## Task prompt
Would you copy, word for word, each line from the one with "自宅でソファーで一緒に本を読んで幸せな家族 — ストック写真" to the end of the listing below, skipping all pictures?
Segment Open
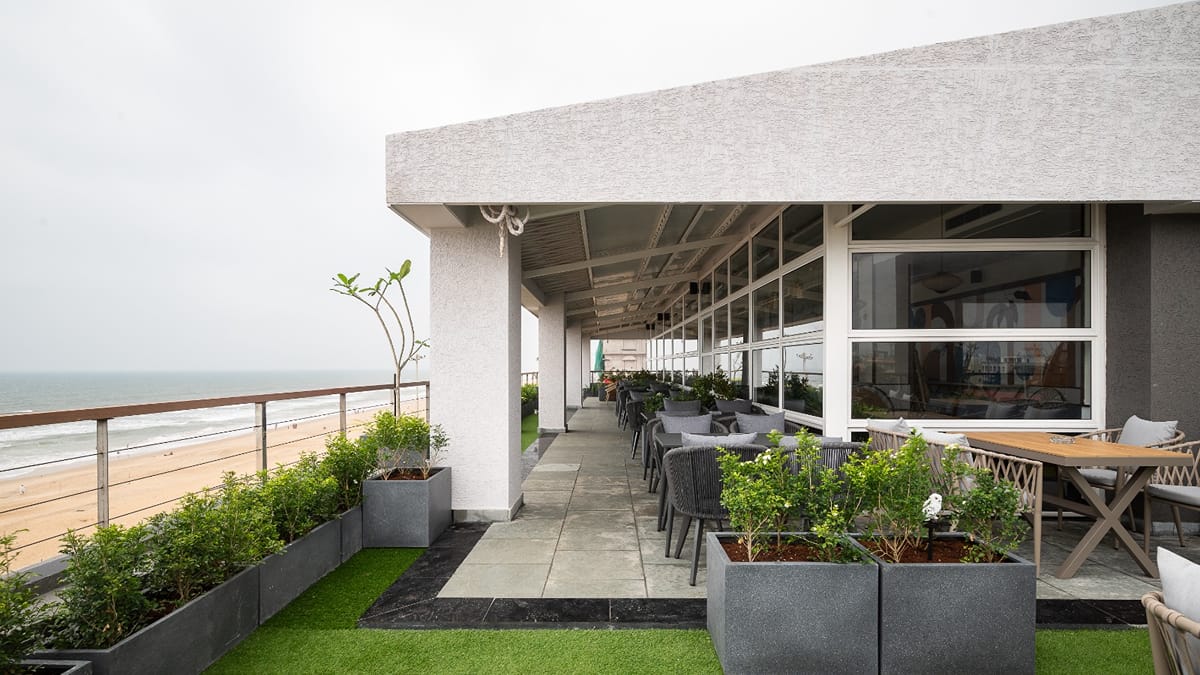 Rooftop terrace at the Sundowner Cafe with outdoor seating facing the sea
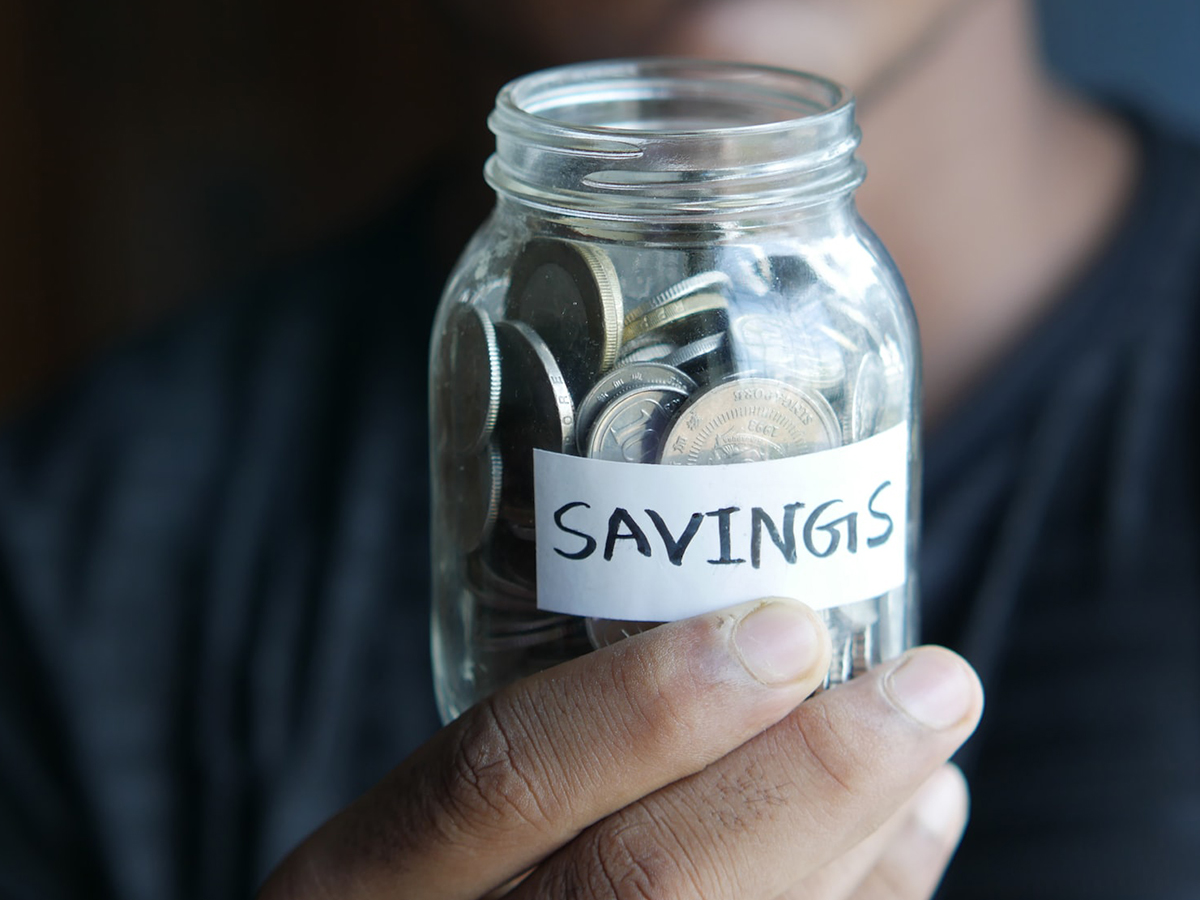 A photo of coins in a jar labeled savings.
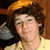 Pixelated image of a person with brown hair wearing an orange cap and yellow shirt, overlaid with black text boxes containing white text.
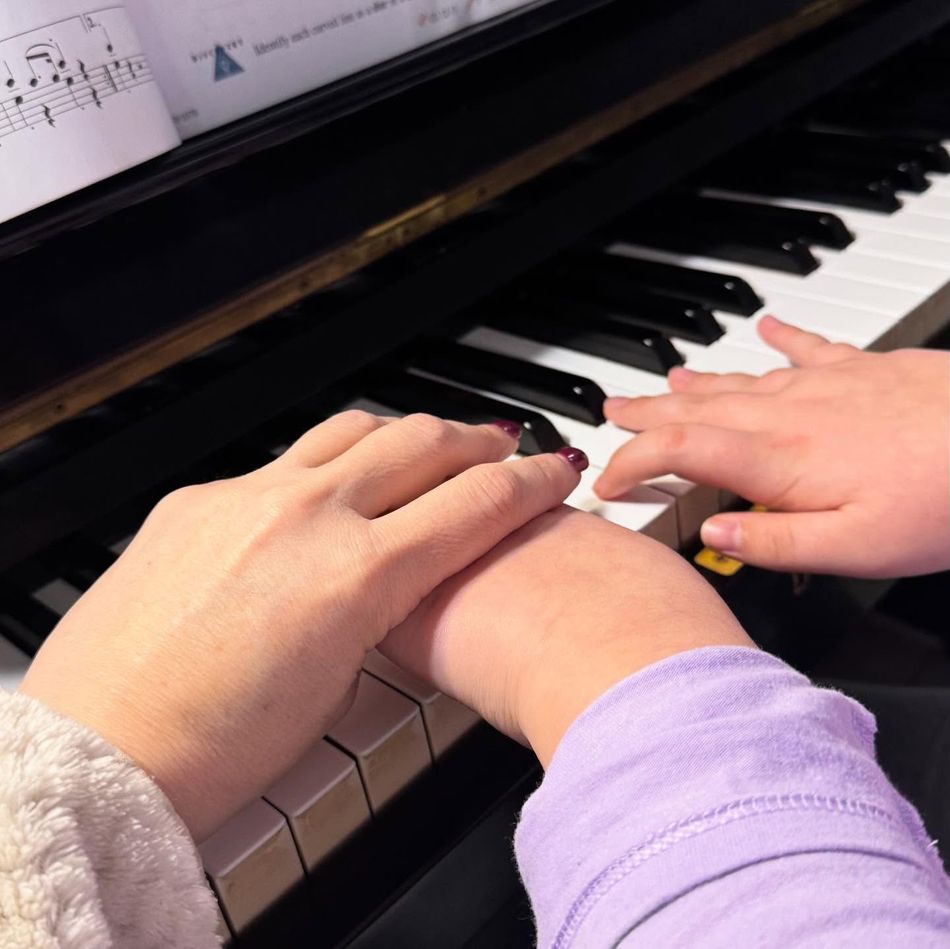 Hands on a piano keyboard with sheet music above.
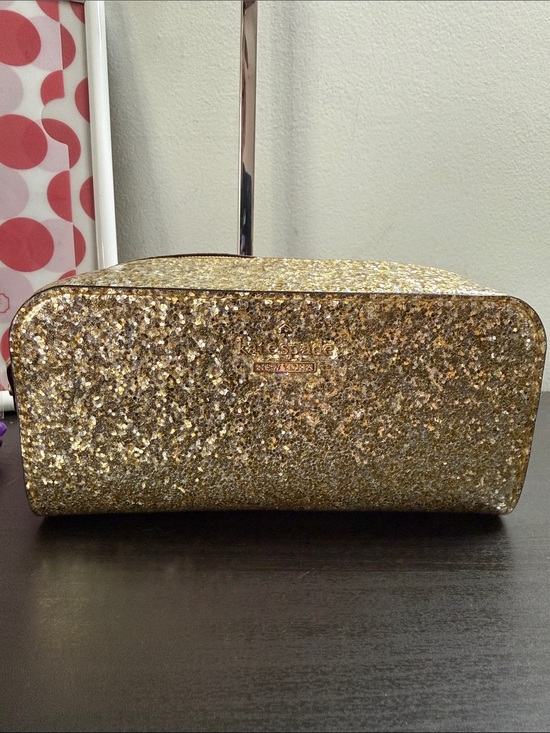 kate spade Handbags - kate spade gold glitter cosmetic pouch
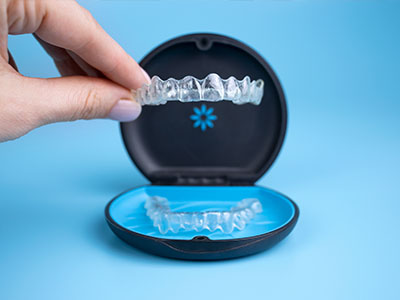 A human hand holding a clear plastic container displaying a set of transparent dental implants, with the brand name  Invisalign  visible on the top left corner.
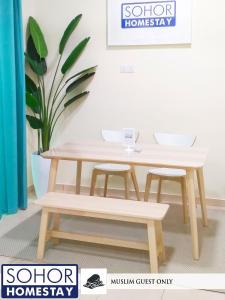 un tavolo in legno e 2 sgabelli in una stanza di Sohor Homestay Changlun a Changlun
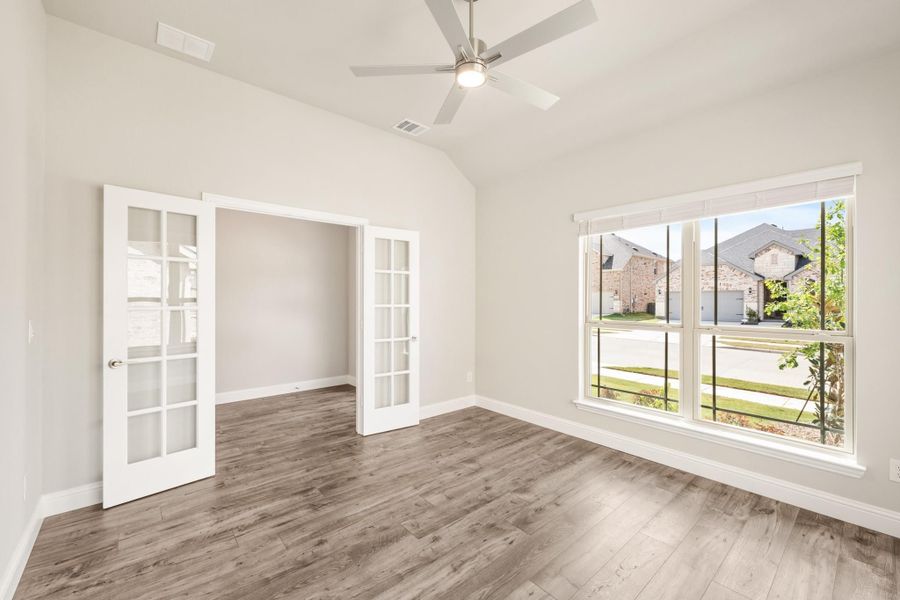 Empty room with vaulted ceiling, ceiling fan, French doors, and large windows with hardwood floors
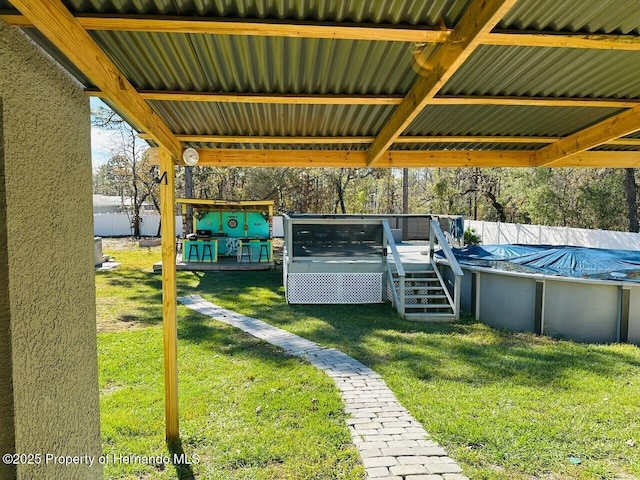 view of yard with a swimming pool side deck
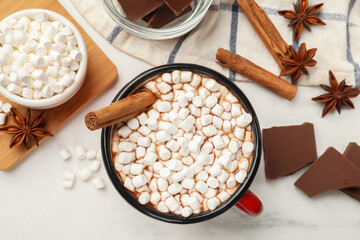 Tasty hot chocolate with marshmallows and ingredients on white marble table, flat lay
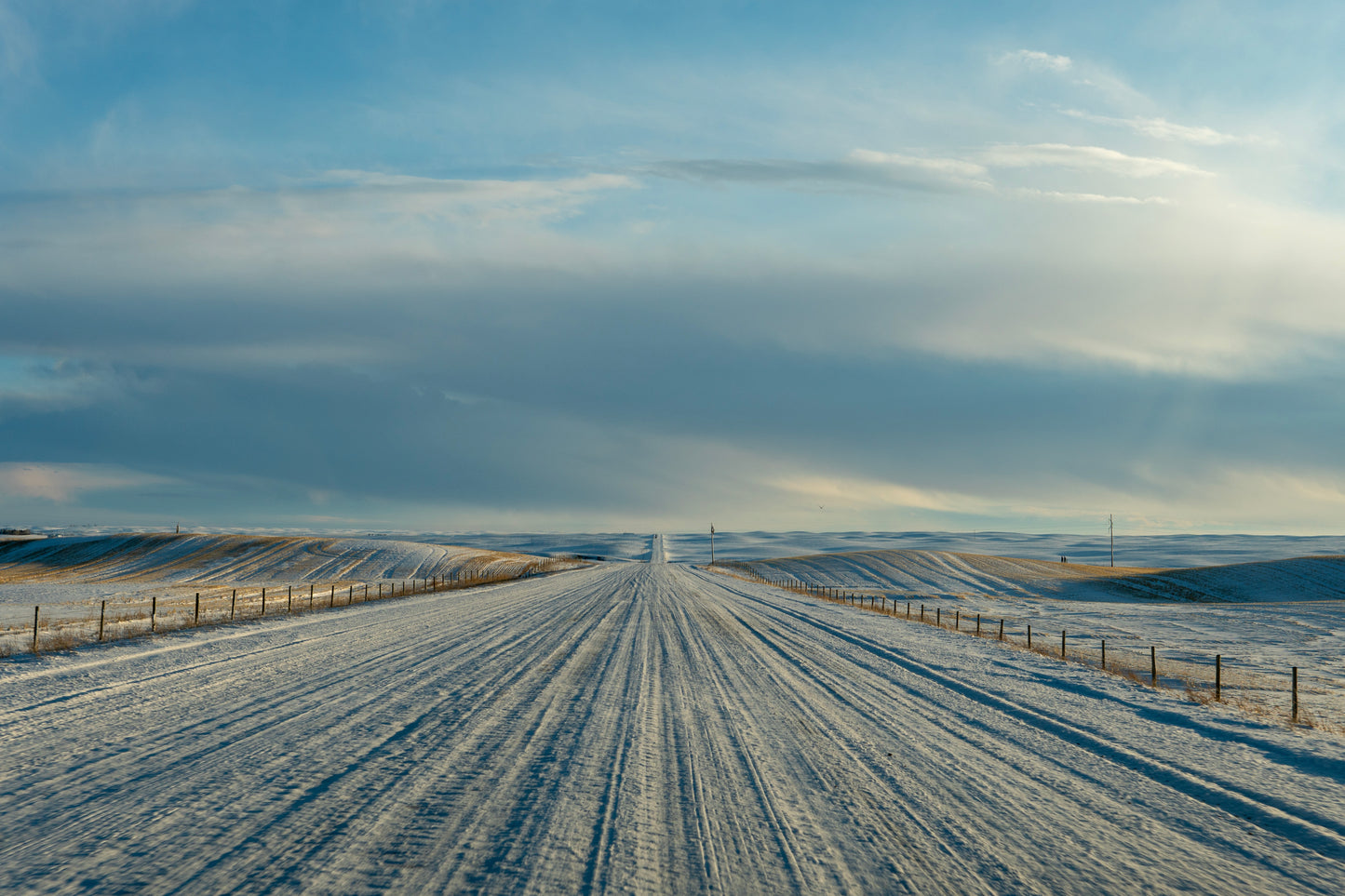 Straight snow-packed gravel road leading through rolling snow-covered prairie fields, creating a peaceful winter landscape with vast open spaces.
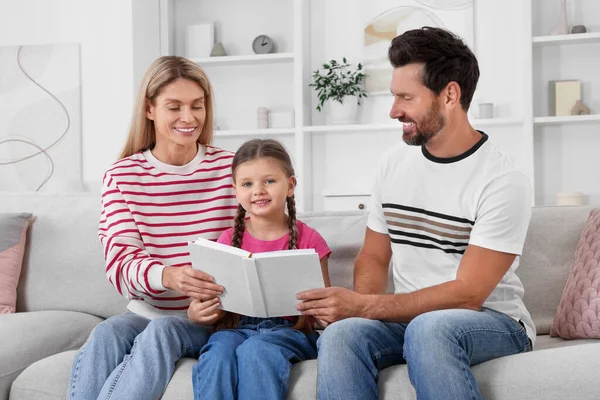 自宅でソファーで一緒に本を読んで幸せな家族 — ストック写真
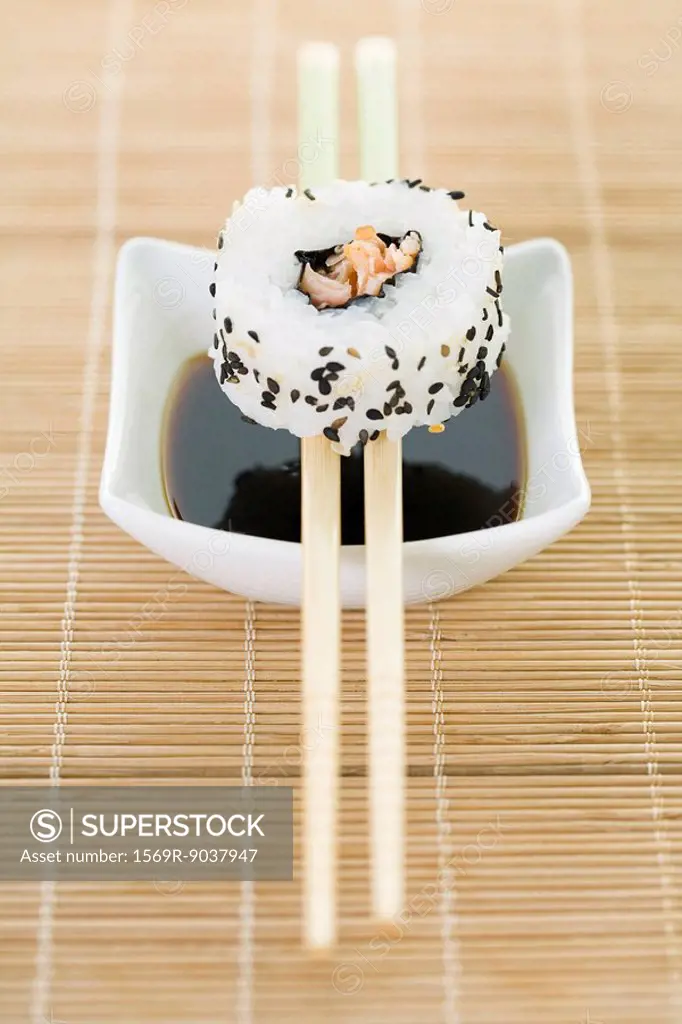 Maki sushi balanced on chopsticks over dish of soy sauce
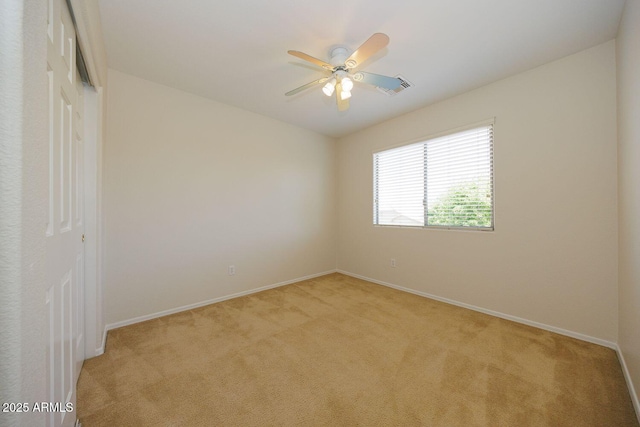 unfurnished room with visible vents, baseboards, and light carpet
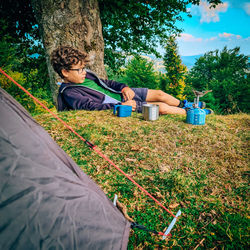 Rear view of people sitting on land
Segment Closed
## Response for this exercise
 自宅でソファーで一緒に本を読んで幸せな家族 — ストック写真
 Maki sushi balanced on chopsticks over dish of soy sauce
 unfurnished room with visible vents, baseboards, and light carpet
 Rear view of people sitting on land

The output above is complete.